|I'm very nervous about the presentation, I'm not sure if I can go through with it. It's days away and already my palms are sweaty and I have butterflies in my stomach. How can I cope with these nerves?|
|Are there any practical techniques I can use to control my nerves on the day of the presentation?|
I'm very nervous about the presentation, I'm not sure if I can go through with it. It's days away and already my palms are sweaty and I have butterflies in my stomach. How can I cope with these nerves?
First, this is normal. Research shows that public speaking is one of people's greatest fears, but while a little nervousness can give an 'edge' to your presentation, you'll have difficulty delivering an effective message if you're shaking all over and your tongue is stuck to the roof of your mouth!
So how do you overcome the fear? The most effective way is through preparation and practice. Understand your subject, know how to use your equipment and check that it's functioning properly, and rehearse until you’re comfortable.
Joining a public speaking organization such as Toastmasters, or completing a public speaking course will also do wondersfor your confidence. There are specialist companies offering training in use of presentation equipment.
Here are some tips which may also improve your confidence:
- See yourself as helpful. You have something extremely valuable to give an audience. That something may be entertainment -- a presentation of humorous anecdotes and visuals that leave people with a good feeling. Or it may be information -- facts, figures, details and explanations of new ideas, plans, proposals, or products. Naturally, if you hold negative attitudes about making presentations, this idea about helping an audience seems like nonsense. But put yourself in your audience’s place and consider their motivations. They may need better products or more effective sales programs or improved sales. If your presentation tells them how to get what they want, you’re doing them a favor. Even if your productor plan isn’t the right one for them, that information is still helpful. And that means you’re helpful. So see yourself this way.
- See yourself as prepared. There’s no better way to get yourself in the right frame of mind for a presentation than to rehearse. Confidence and competence come with practice. Rehearse over and over until you’re familiar and comfortable with your material.
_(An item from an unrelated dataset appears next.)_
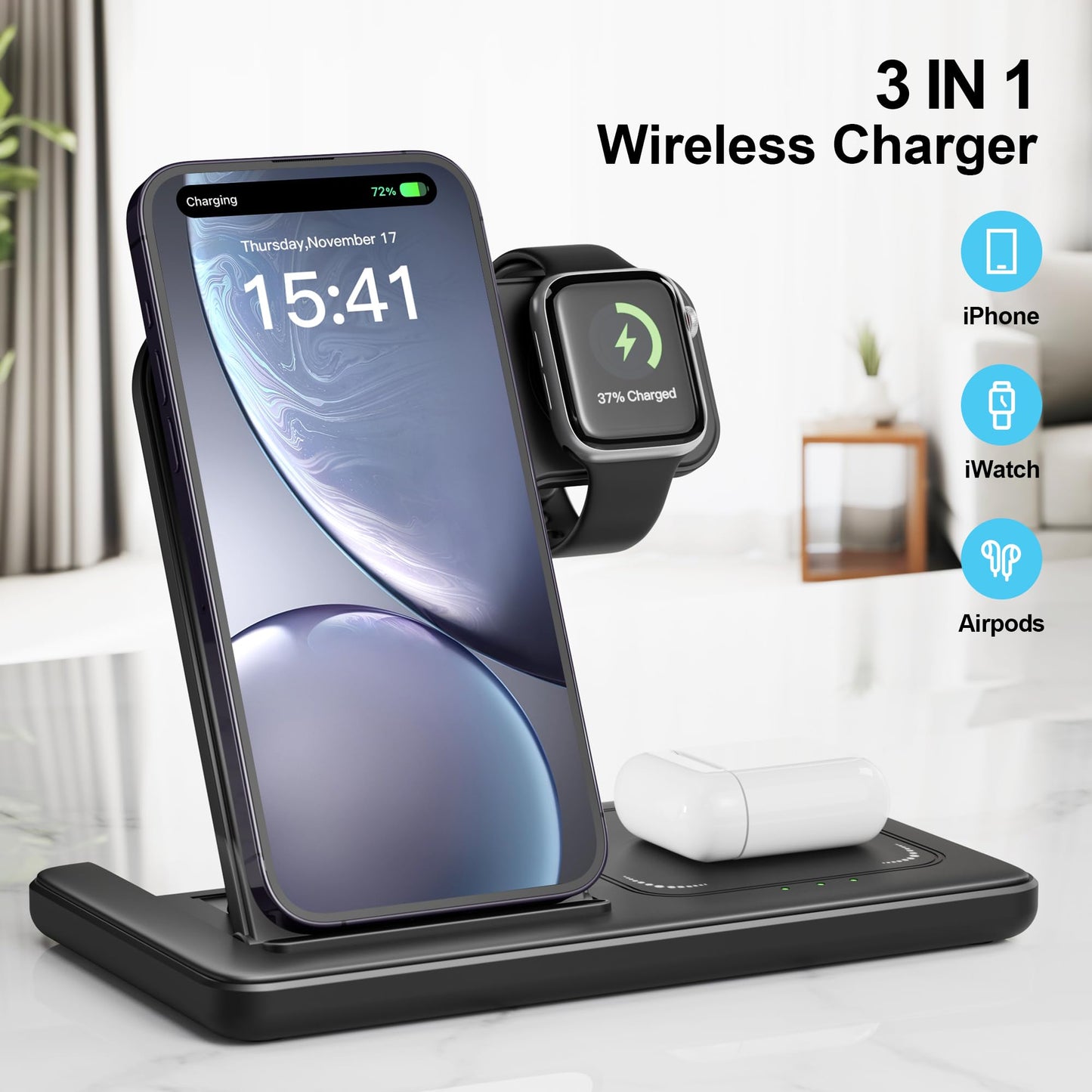 - Wireless Charger, 3 in 1 Charging Station, 15W Qi Fast Foldable Magnetic Stand Dock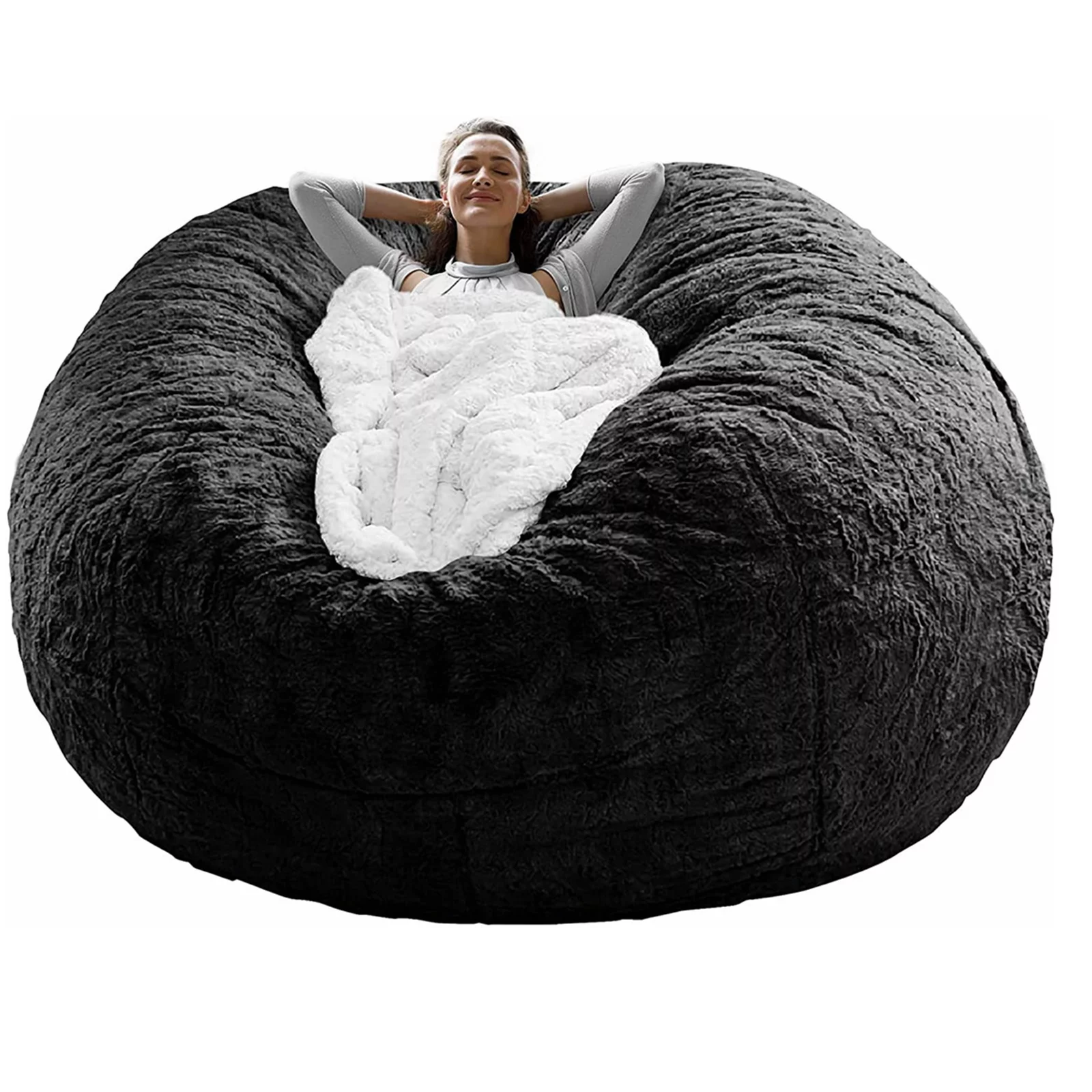 SHANNA Bean Bag Chair Cover Big Round Soft Fluffy Velvet Lazy Sofa Bed Cover (Cover only,No Filler),5ft, Black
- See yourself as in control. When you’re in control, you’re confident. You’re in charge and you call the shots. Preparation is a key element in achieving this level of confidence.
You're in control if:
- you know what you want to accomplish
- you know how to appeal to your audience's motivations
- you know how to write your script, assemble your visuals, and operate your equipment
In fact, every decision that you make and every act that you engage in gives you another measure of control. Remember that. Dwell on that. It's the most powerful confidence-builder you can use.
Yes. They range from meditation techniques through to what you eat before your presentation. Everyone is different so it's a matter of finding what works for you.
One tip that seems to work for everyone is to regulate your breathing. Slow, deep breathing exercises will slow down your heartbeat, reduce the release of adrenaline and help you to feel more relaxed. You should start working on breathing slowly about one hour before you are due to present and take deep breaths when you feel nervous, during natural pauses in your presentation.
Other ideas include practicing yoga or other relaxation techniques (there are hundreds of classes available in every capital city for yoga, Zen, meditation and other relaxation techniques). These will also help you control your breathing and achieve a more relaxed state of mind. Laughter is also a great help, so if you confidently introduce a humorous story (which relates to the topic and is not likely to offend anyone in the audience) near the start of your talk, do so. This way you will feel more relaxed and so your audience will be more receptive.
One popular and successful technique, often employed by nervous sports people, is visualization. Use your imagination to visualize yourself on stage making a successful presentation. Imagination is a powerful tool which can be used to create negative or positive images in your mind. Choose positive, successful images of yourself in a winning situation and you'll feel more positive and therefore, less nervous.
Be careful of what you eat and drink prior to the presentation. Soft drink and dairy food will make your mouth feel dry and ice will tighten your throat. Coffee or tea will make you more nervous, while drugs and alcohol will prevent you from thinking clearly. It's best to stick to light foods before the presentation and to sip tepid water with a dash of lemon juice, which will help keep your throat clear.
During your rehearsals, ask someone to check for any nervous habits, such as jangling spare change in your pocket. You'll need to combat these nervous habits as they can distract your audience and detract from your message.
During your presentation, aim to start confidently, speak clearly and slowly (around 150 words a minute is best, if in doubt, time yourself during rehearsals and adjust accordingly, keeping in mind that you'll speak more quickly when you’re nervous.), smile (where appropriate), make eye contact with audience members and use a warm vocal tone (around the middle of your range, i.e., between your deepest voice and your highest. If in doubt, a deeper tone will be perceived as more authoritative).
Wear conservative clothing, clean shoes and be well groomed. This may seem strange, but if you’re well groomed and well dressed, people will not be distracted by your clothes and will be more inclined to take you seriously.
Make sure you stick to your stated time limit, and incorporate some time at the end of your presentation for audience questions.